Start of Block

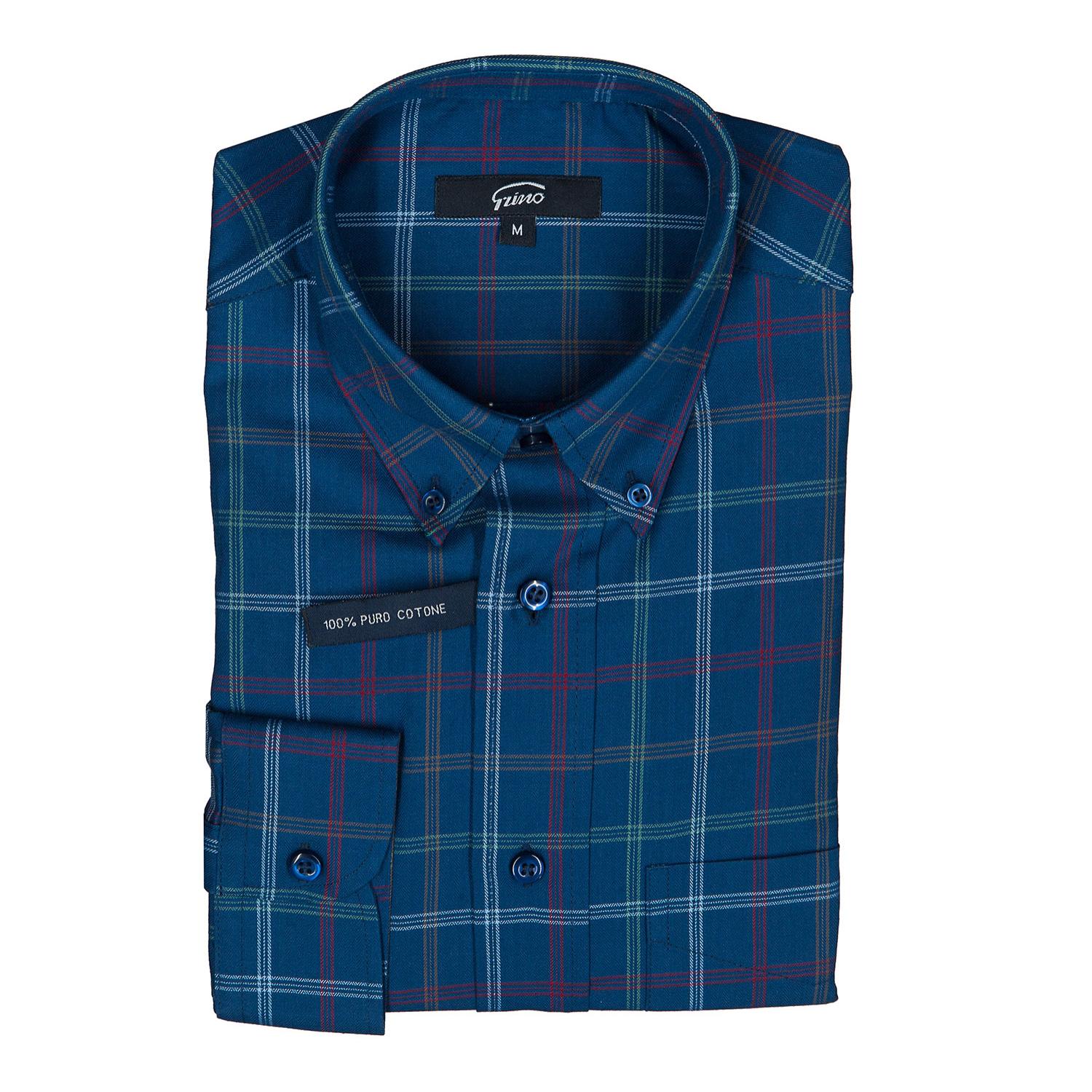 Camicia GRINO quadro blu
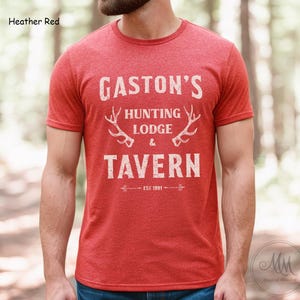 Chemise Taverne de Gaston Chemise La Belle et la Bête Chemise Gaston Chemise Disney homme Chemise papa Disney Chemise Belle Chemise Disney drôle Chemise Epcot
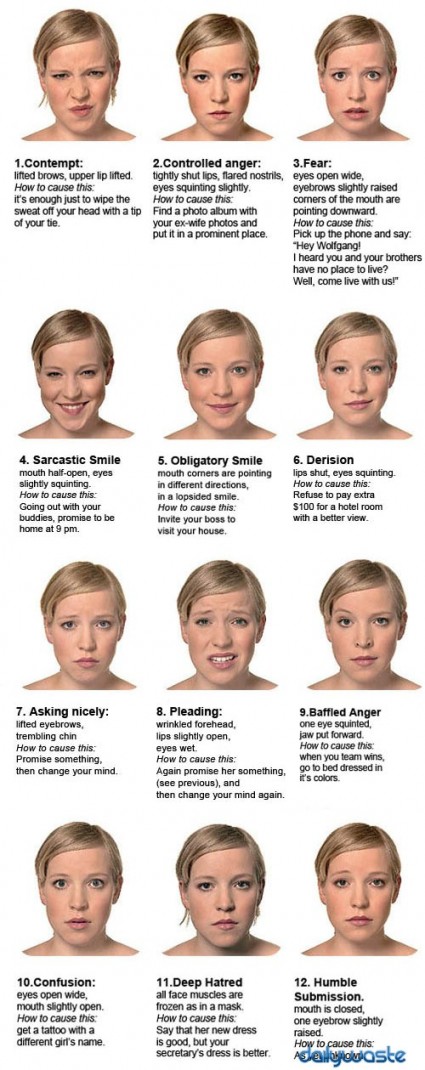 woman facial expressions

End of Block

[Prompt]: In the answer, the data should reappear exactly, with no pictures.

[Task solution]:
 Camicia GRINO quadro blu
 Chemise Taverne de Gaston Chemise La Belle et la Bête Chemise Gaston Chemise Disney homme Chemise papa Disney Chemise Belle Chemise Disney drôle Chemise Epcot
 woman facial expressions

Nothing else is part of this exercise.